For the purposes of this blog, I am defining a platform independent solution as a lightweight browser-based web application designed specifically for mobile devices. Native applications are defined as solutions running on the mobile device operating system making use of handset software and hardware controls.

Platform independence generally will allow you to reach the broadest audience with the fastest iteration or cycle times, while native platforms generally offer the richest features and customer mobile experience – such as integration with calendars, contacts, and location services.

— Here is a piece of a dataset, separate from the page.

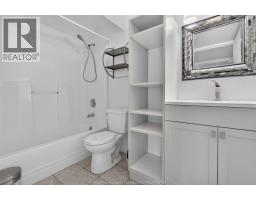 828 MICHAEL DRIVE - 26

In general, the platform independent solution works best under the following situations:

  • The need to reach as many mobile devices is critical

  • The products and services that are offered are simple and do not require access to native features of the mobile handset

  • There is no need to store information directly on the mobile device

  • Users require a network connection to purchase goods and services

  • Ad-sales is not a primary revenue generating lever

  • Speed to market is a major driver for the mobile offering

  • There are no plans to build additional in-house competencies to support Objective C, Java ME, etc.

  • There are plans for several releases which will introduce new functionality

Likewise, the native platform solution is best suited for the following situations:

  • A requirement exists to run the application on a specific platform (e.g., need to support BlackBerry phones which are the featured corporate mobile device, etc.)

  • The value proposition requires the use of native controls and rich content (e.g., user location, integration with contacts, etc.)

  • Application information must be stored on the device

  • Ad-sales is a primary revenue generating lever

  • Processor speed is important

  • Speed to market is not a major concern

Most, if not all, of these situations should be pondered before jumping into mCommerce, but the key factor in my mind is whether your mCommerce solution needs to reach the broadest audience (think platform independence) or whether your customer base needs the richest set of features, such as contacts, calendars, location services, etc. (think native application).